All of lore.kernel.org
 help / color / mirror / Atom feed
From: Nadav Amit <nadav.amit@gmail.com>
To: Peter Xu <peterx@redhat.com>
Cc: Linux MM <linux-mm@kvack.org>,
	Mike Kravetz <mike.kravetz@oracle.com>,
	Hugh Dickins <hughd@google.com>,
	Andrew Morton <akpm@linux-foundation.org>,
	Axel Rasmussen <axelrasmussen@google.com>,
	David Hildenbrand <david@redhat.com>,
	Mike Rapoport <rppt@linux.ibm.com>
Subject: Re: [RFC PATCH v2 3/5] userfaultfd: introduce write-likely mode for copy/wp operations
Date: Tue, 21 Jun 2022 11:30:52 -0700	[thread overview]
Message-ID: <58E53A1D-466C-4A2B-8E10-2993EFF60856@gmail.com> (raw)

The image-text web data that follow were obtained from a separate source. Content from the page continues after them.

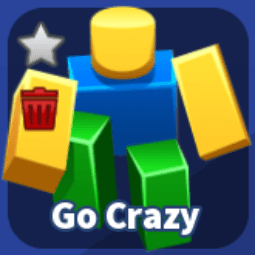 Go Crazy Emote — item image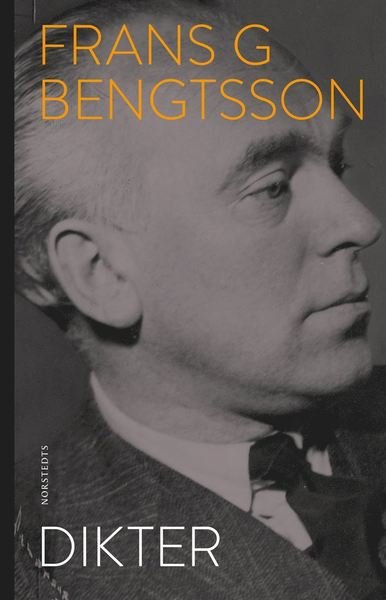 Cover for Frans G. Bengtsson · Dikter (ePUB) (2019)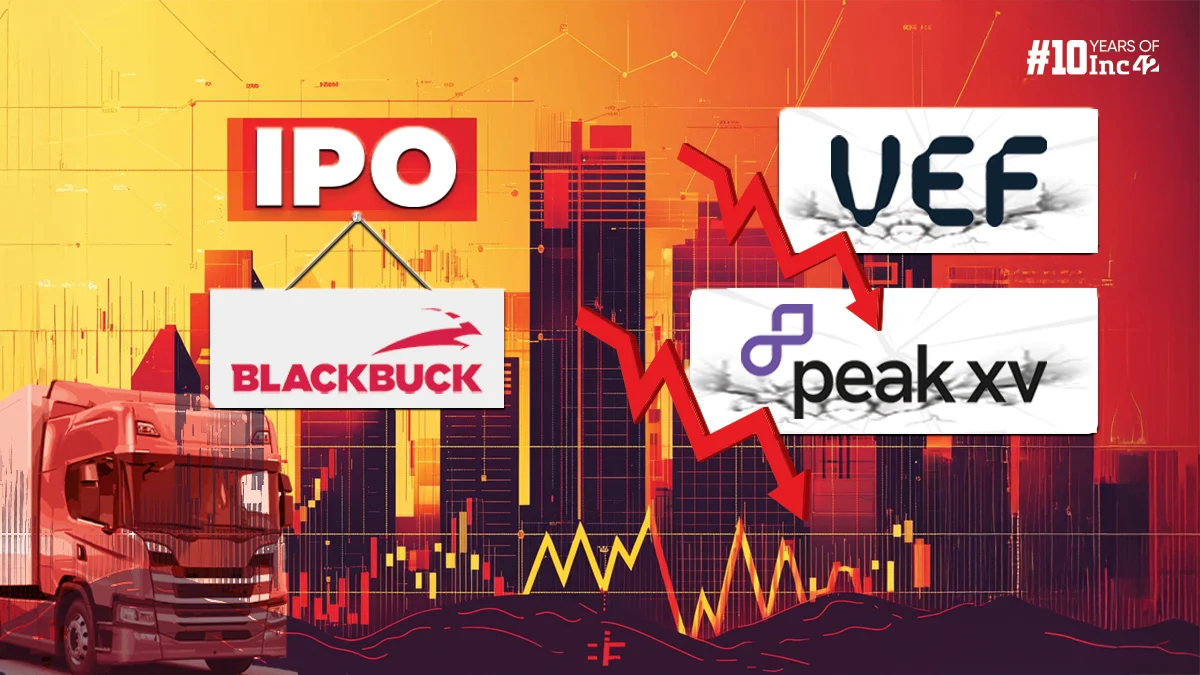 Peak XV, VEF To Book Losses On Partial Exits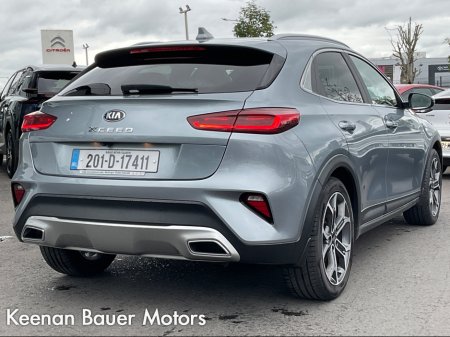 2020 Kia XCeed - photo 6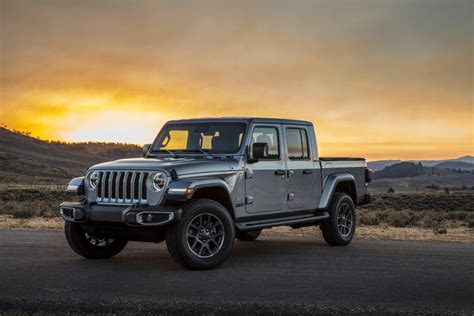 2020 Jeep Gladiator 2020 Jeep Gladiator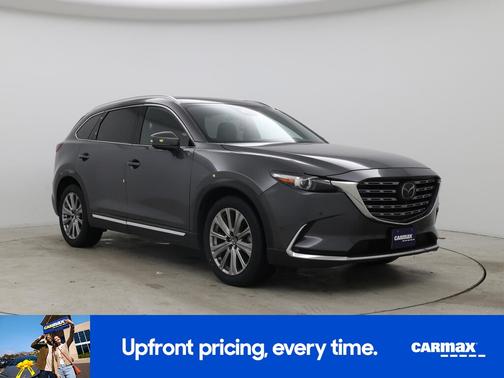 2022 Mazda CX-9 Signature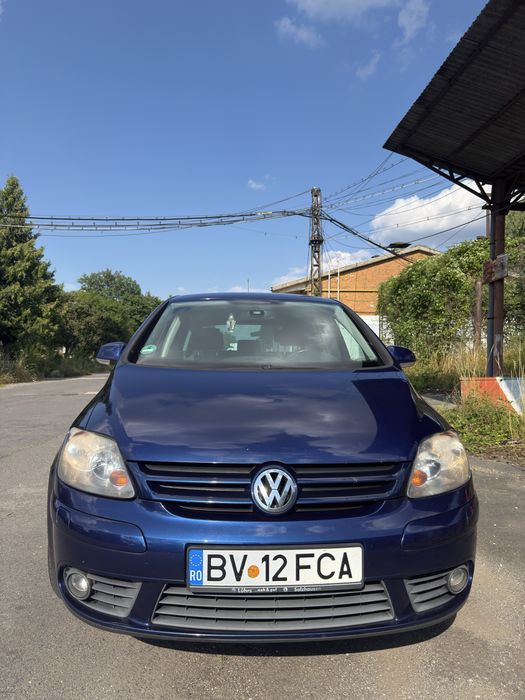 De vanzare Golf 5 Plus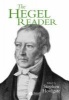 The Hegel Reader (Paperback) - Stephen Houlgate Photo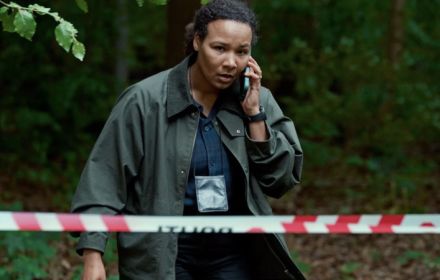 Sara Fanta Traore in Reservatet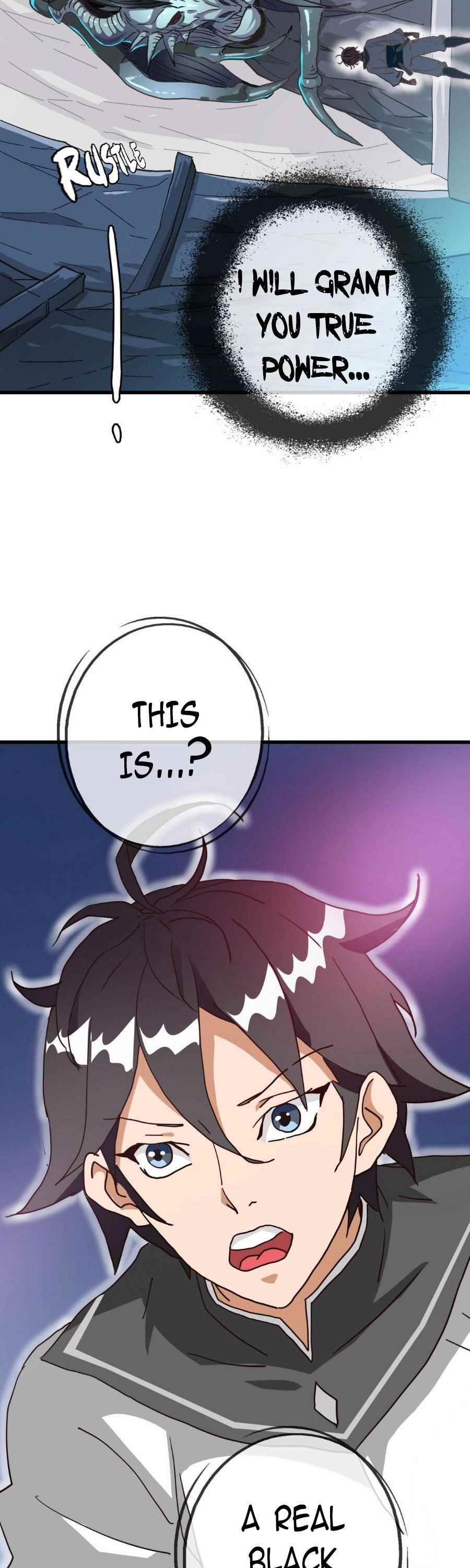 Crazy Leveling System Chapter 53 - Page 33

In-Reply-To: <YrIJm6kRhcHtupwZ@xz-m1.local>

On Jun 21, 2022, at 11:10 AM, Peter Xu <peterx@redhat.com> wrote:

> On Tue, Jun 21, 2022 at 10:14:00AM -0700, Nadav Amit wrote:
>> On Jun 21, 2022, at 9:38 AM, Peter Xu <peterx@redhat.com> wrote:
>> 
>>> Hi, Nadav,
>>> 
>>> On Sun, Jun 19, 2022 at 04:34:47PM -0700, Nadav Amit wrote:
>>>> From: Nadav Amit <namit@vmware.com>
>>>> 
>>>> Commit 9ae0f87d009ca ("mm/shmem: unconditionally set pte dirty in
>>>> mfill_atomic_install_pte") has set PTEs as dirty as its title indicates.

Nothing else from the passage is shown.